Kim is a native of Seoul, South Korea and now currently lives and works in Brooklyn, NY. He received his BFA from Seoul National University and his MFA from the School of Visual Arts, New York, NY. Selected solo shows include: Galeria do Lago at the Museu de Republica, Rio de Janeiro, Brazil; The Riccardo Crespi Gallery, Milan, Italy; Kunstlerhaus Bethanien, Berlin, Germany; and ARCO Art Center-Arts Council Korea, Seoul, Korea. Selected group shows include: Today Art Museum, Beijing, China; Singapore Biennale (2006), Singapore; Analog Animation at The Drawing Center, New York, NY and Macy Gallery at Columbia University, New York, NY. He has been awarded fellowships and grants from Lower Manhattan Cultural Council; The Pollack Krasner Foundation; Jerome Foundation; Smack Mellon; and Skowhegan Geraldine R. Dodge Foundation. His work is represented in the collections of the Queens Museum of Art; Queens, NY; ALTOIDS Curiously Strong Collection at the New Museum of Contemporary Art, New York, NY; and Arts Council Korea. This year of 2008, he participates in Media City Seoul 2008, international media biennale, Hermes prize show in Seoul, and the third edition of the International Biennial of Contemporary Art of Seville in Spain.

Kwabena Slaughter
Oh, Very, Yes!
35mm slide filmstrip on lightbox
dimensions variable

Oh, Very, Yes! is an exhibition of my ongoing experiment with the idea of the photographic-scroll. Before the invention of photography, and the movie camera, the scroll was the way to depict a narrative that was taking place over time. A unique quality of the scroll is that all the scenes exist in one unbroken image. I have been trying to recover this unified presentation through photography. I modify and redesign manual cameras, increasing their film capacity, so they can make single images that occupy the entire length of a strip of film.

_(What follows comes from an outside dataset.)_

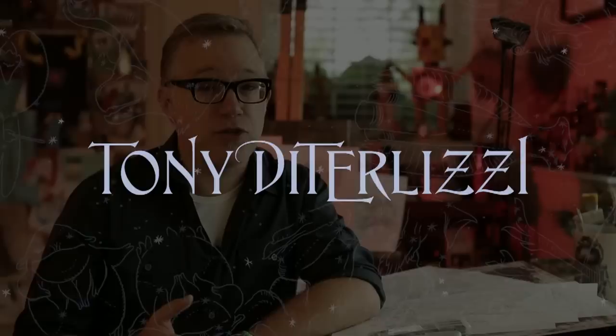Hi, I'm Tony DiTerlizzi, author and illustrator of the Wandla Trilogy, and I'm super excited to share with you guys the third and final cover for the trilogy — for the book, The Battle for Wandla.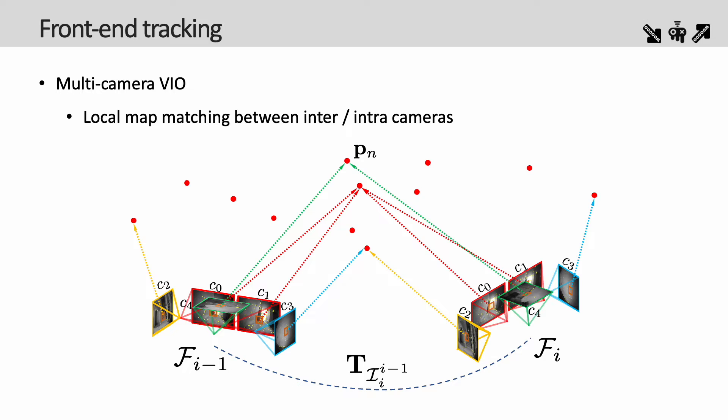For the front-end tracking module, our system employs a localization strategy that relies on a local map, utilizing 2D extracted features and local 3D map points for precise pose estimation. To achieve this, we project all local map points onto the multi-camera images at the current time, and feature matching is done for both inter- and intra-cameras. This process enhances the co-visibility relationships and contributes to back-end optimization, and by augmenting co-visibility edges based on these relationships, we significantly improve overall positioning accuracy.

Installed in the gallery wall at Smack Mellon is a single expansive panoramic image. The work depicts multiple narrative “shorts” involving a single group of people. Figures repeat and scenes change as the stories play out over the length of one strip of slide film over fifty feet long.

Kwabena Slaughter lives and works in New York City. His work has been shown at Apex Art (2002), the New Museum of Contemporary Art (2004), Studio Museum in Harlem (2005), and David Castillo Gallery in Miami, FL. (2007). Slaughter also has extensive experience in the performing arts, including acting in the Brooklyn Academy of Music’s Next Wave Festival (1996), and dancing with the trapeze dance company Frequent Flyers Productions (2003). Slaughter has been a recipient of the following residencies and awards: New York State Council on the Arts New Media and Technology Fellowship (2006); Art Omi International Artists Residency (2007) and a New York Foundation for the Arts Fellowship in Photography (2008).